Hanging on the telephone

(Feb. 22, 2007)  Let it not be said that there is no good coming out of the Pacific Lumber bankruptcy hearings currently underway in Corpus Christi, Texas. Yes, severance packages for laid-off employees have been frozen. Yes, around 3,000 people or business entities, a good number of them local, have been stiffed out of money owed them by the timber giant, at least for the time being. Yes, Palco’s parent, the Houston-based Maxxam Corp., has deployed a crafty two-front strategy to stiff all its creditors. But why focus on the negative? People have asked me that.

So let’s get right to the happy news. On Thursday, Maxxam bankruptcy attorney Harlin C. Womble (of Jordan, Hyden, Womble, Culbreth & Holzer, Corpus Christi) made a plea to the court - please, he asked Judge Richard S. Schmidt, please lift the $10,000 per month salary cap you have imposed on Pacific Lumber employees while the bankruptcy proceedings are underway. Not in every case, mind you - just in the case of Palco CEO George O’Brien, Vice President Gary Clark and General Counsel Frank Bacik.

When you think about it, $10,000 per month amounts to only $120,000 per year. Figuring it another way, it amounts to a paltry $62 per hour, more or less. Womble warned that if it could only offer its key players such meager sums, there was a danger that the failed company might not be able to keep the team together in the busy months ahead. He made an analogy to the court’s previous unfreezing of payments to “critical vendors” - company contractors who provide services essential to the company’s continued operation. “If there is a critical vendor, it is our current management,” he said.

Well, here’s the heartwarming part: Schmidt agreed to lift the cap in those cases. O’Brien, Clark and Bacik are now back up to pre-bankruptcy wages. They will once again be able to put food on their families.

What a shame that Thursday’s hearing couldn’t have ended on that inspirational note. Alas, the tedious business of dismembering the 130-year-old company had yet to be dealt with, so everyone dried their eyes and got on with it.

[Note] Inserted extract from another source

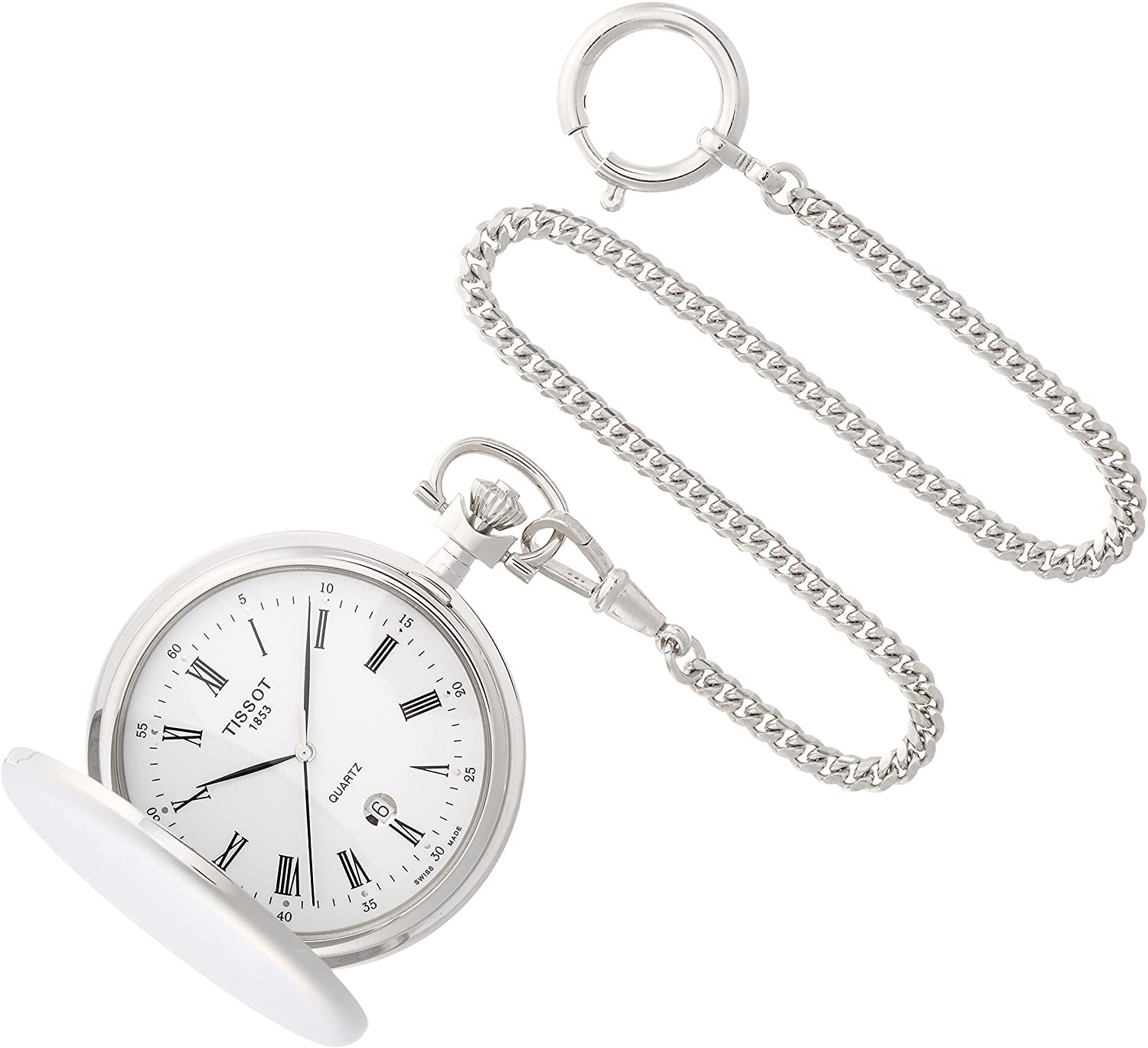 Tissot Savonnette Pocket Watch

The principal task before the court Thursday morning was to deal with motions brought by the California State Attorney General’s Office and a committee of people and businesses to whom Pacific Lumber owes money, both of which are asking to have the case transfered to California. The nut of their argument hinges on “Scotia Development,” the diaphanous company that Maxxam invented last year. The existence of this so-called firm is Maxxam’s sole justification for holding the bankruptcy on Maxxam CEO Charles Hurwitz‘s home ground in Texas, approximately 2,000 miles from Pacific Lumber’s place of business. (See last week’s “Town Dandy,” in case you missed it.)

After some wrangling, Judge Schmidt set a date - March 5 - for a mini-trial on the question of whether or not to order the case moved to Northern California. The mini-trial is expected to last a couple of days. Before that, there will be a period of discovery, in which evidence for the existence or effective non-existence of “Scotia Development,” which has no bank accounts and only a “phone booth” office in downtown Corpus Christi, is gathered.

Therein lies the rub, at least for the people who would like to see the case come home. Theoretically, if two sister companies in different locales go bankrupt at the same time, both companies can file for bankruptcy together in either district. But the key allegation in this case is that Harlin C. Womble and his colleagues “manufactured venue” by inventing the false-front “Scotia Development” firm. “Manufacture of venue,” apparently, is frowned upon. The pro-California faction has shown that “Scotia Development” was invented after Maxxam contacted the Jordan, Hyden, Womble firm; that the office housing “Scotia Development” was rented from another Jordan, Hyden, Womble client; and that the only two pieces of business the company ever did (amounting to $10,500) were also done with Jordan, Hyden, Womble clients.